(YOUR OBJECTIVE) Pictures left aside, return the lines below exactly, from the one with "Load image into" to the end, including both ends.

====== DATA ======

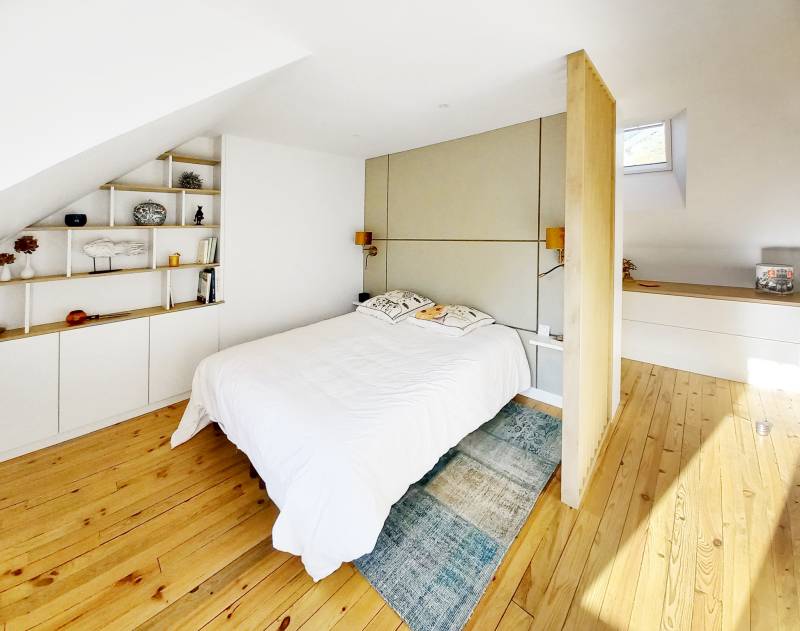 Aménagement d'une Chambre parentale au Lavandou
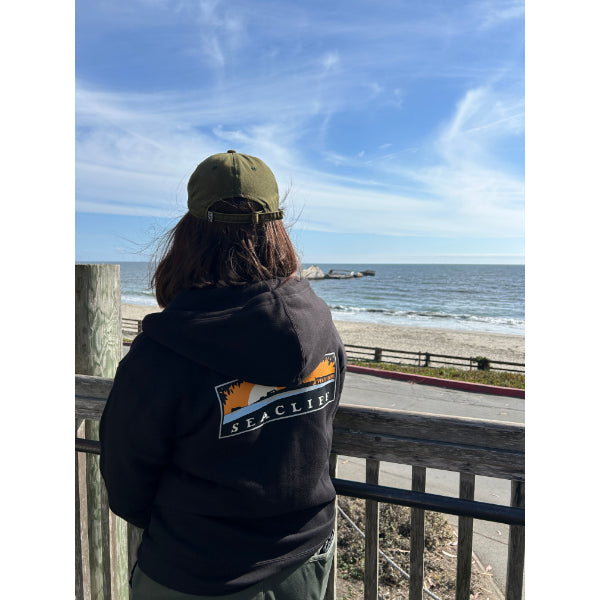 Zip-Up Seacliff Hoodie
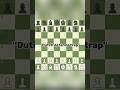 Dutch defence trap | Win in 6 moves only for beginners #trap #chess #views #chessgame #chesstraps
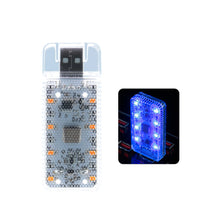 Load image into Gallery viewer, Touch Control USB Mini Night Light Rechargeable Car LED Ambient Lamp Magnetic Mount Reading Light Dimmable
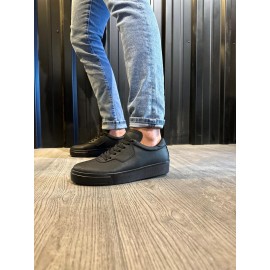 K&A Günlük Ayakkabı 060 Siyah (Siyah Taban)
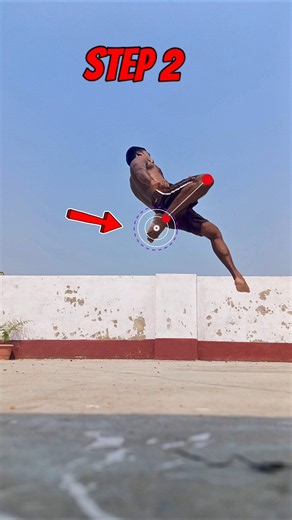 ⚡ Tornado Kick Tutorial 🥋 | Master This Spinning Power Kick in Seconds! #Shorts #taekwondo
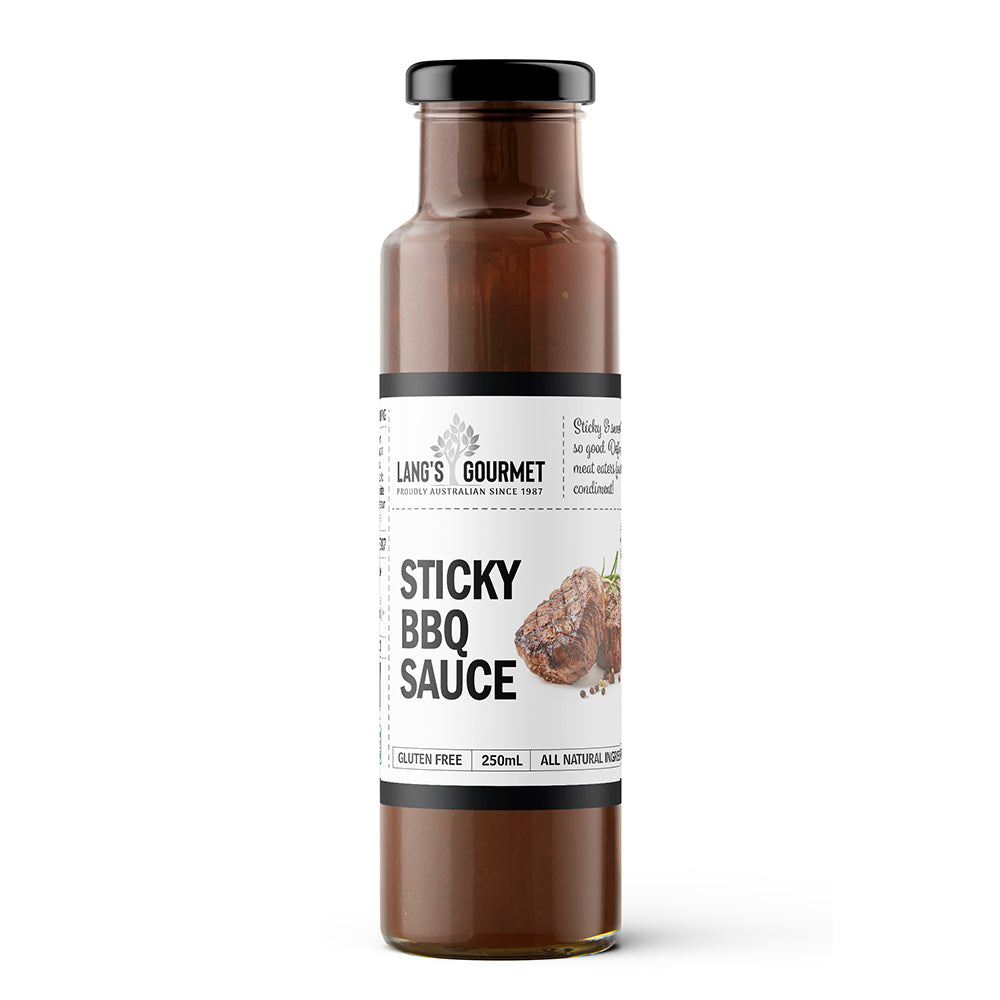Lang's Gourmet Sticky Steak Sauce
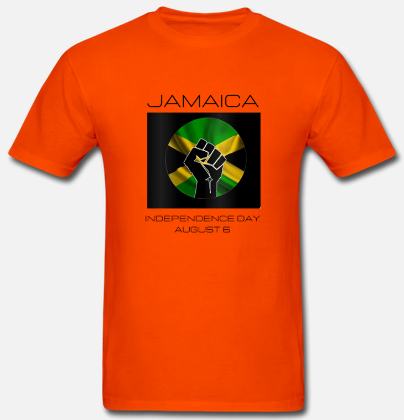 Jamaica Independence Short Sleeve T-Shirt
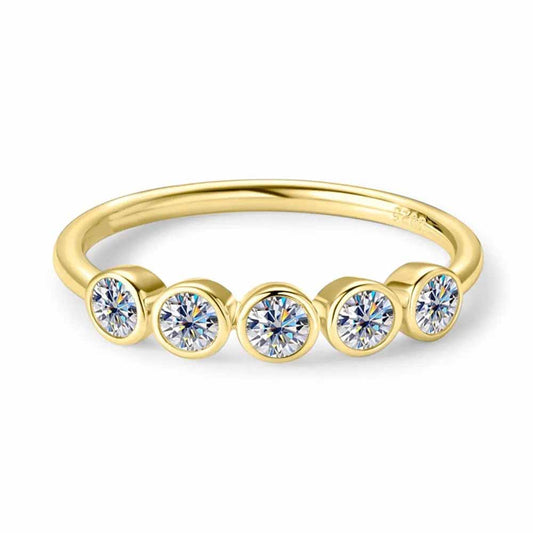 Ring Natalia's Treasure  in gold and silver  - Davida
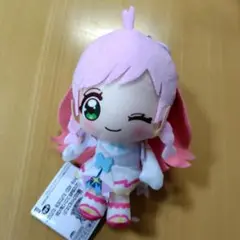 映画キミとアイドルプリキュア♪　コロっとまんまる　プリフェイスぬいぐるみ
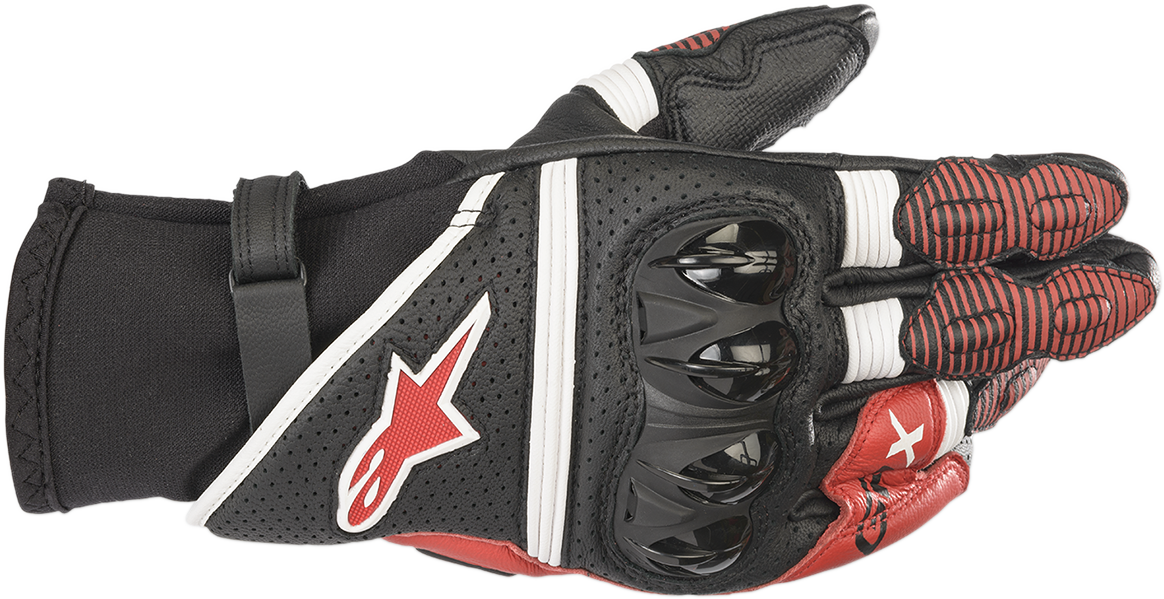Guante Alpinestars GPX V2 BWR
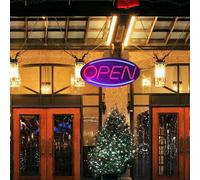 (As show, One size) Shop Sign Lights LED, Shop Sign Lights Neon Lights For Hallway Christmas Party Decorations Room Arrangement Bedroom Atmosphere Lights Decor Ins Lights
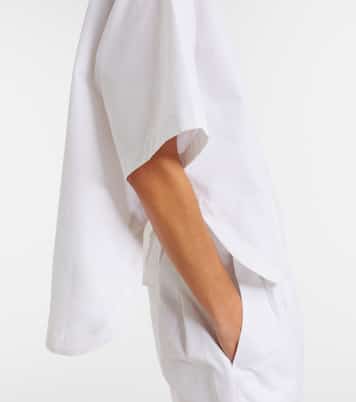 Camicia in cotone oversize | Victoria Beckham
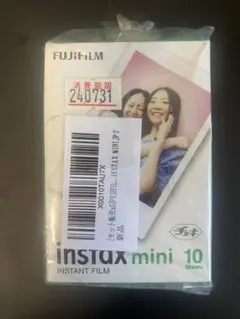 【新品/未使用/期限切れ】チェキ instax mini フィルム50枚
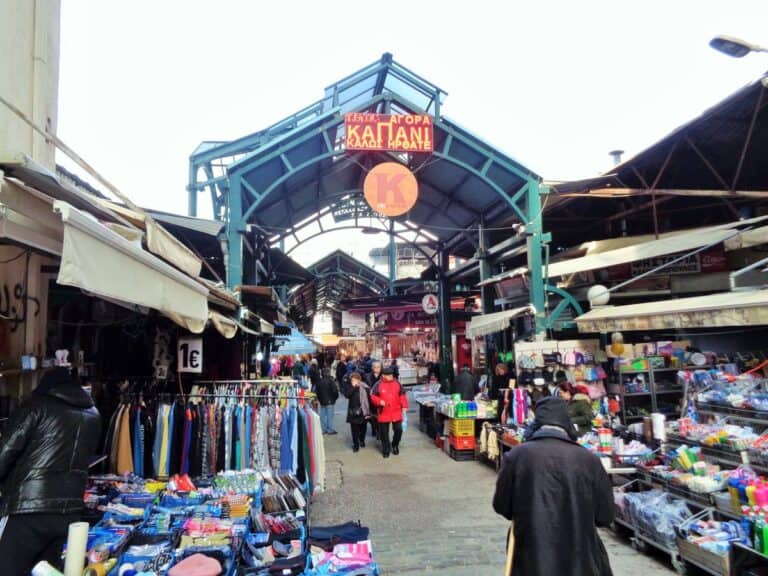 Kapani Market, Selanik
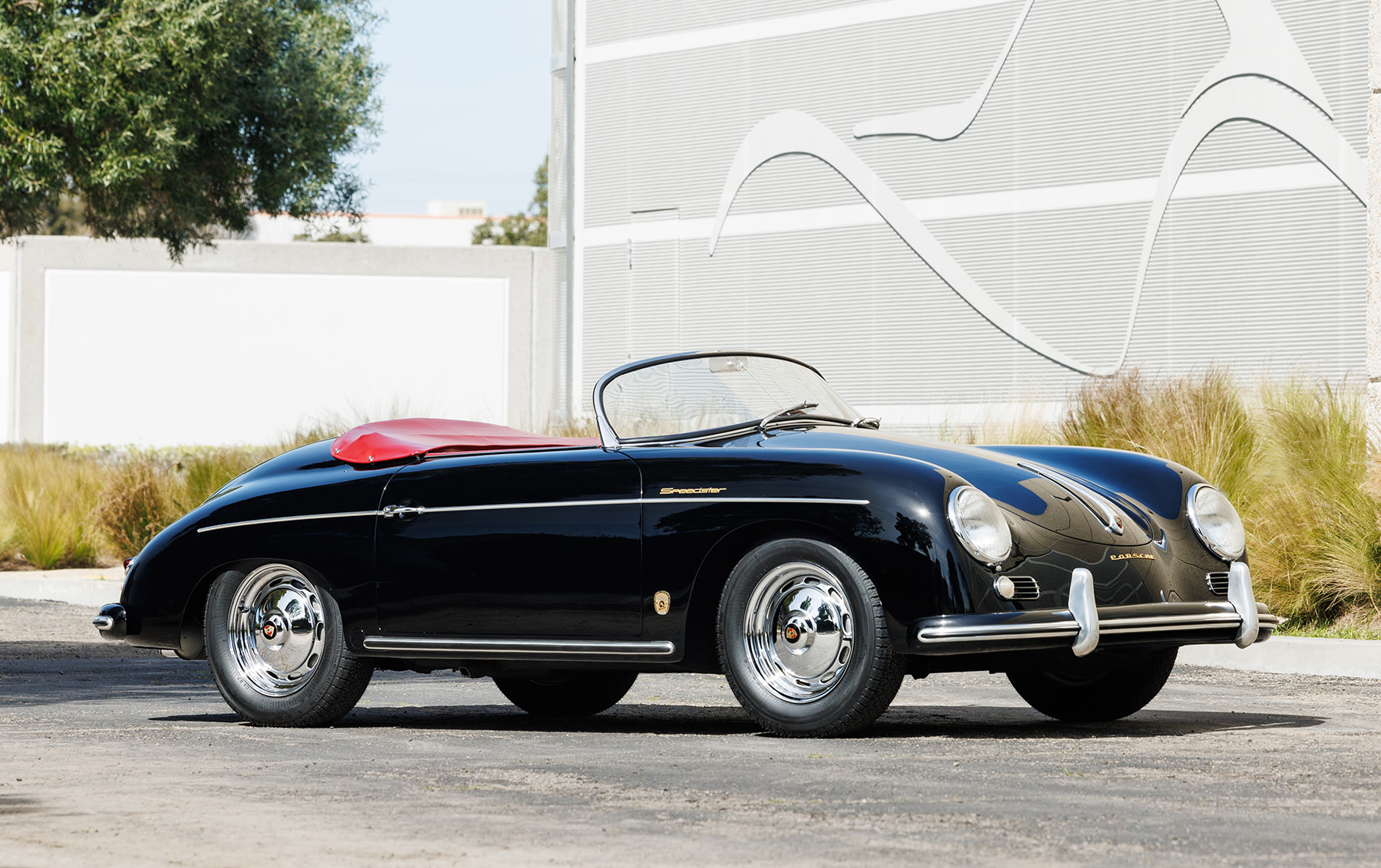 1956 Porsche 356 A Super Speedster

======

(FINISHED EXERCISE)
 Load image into Gallery viewer, Touch Control USB Mini Night Light Rechargeable Car LED Ambient Lamp Magnetic Mount Reading Light Dimmable
 K&A Günlük Ayakkabı 060 Siyah (Siyah Taban)
 ⚡ Tornado Kick Tutorial 🥋 | Master This Spinning Power Kick in Seconds! #Shorts #taekwondo
Lang's Gourmet Sticky Steak Sauce
 Jamaica Independence Short Sleeve T-Shirt
 Ring Natalia's Treasure  in gold and silver  - Davida
 映画キミとアイドルプリキュア♪　コロっとまんまる　プリフェイスぬいぐるみ
Guante Alpinestars GPX V2 BWR
 (As show, One size) Shop Sign Lights LED, Shop Sign Lights Neon Lights For Hallway Christmas Party Decorations Room Arrangement Bedroom Atmosphere Lights Decor Ins Lights
 Camicia in cotone oversize | Victoria Beckham
 【新品/未使用/期限切れ】チェキ instax mini フィルム50枚
 Kapani Market, Selanik
 1956 Porsche 356 A Super Speedster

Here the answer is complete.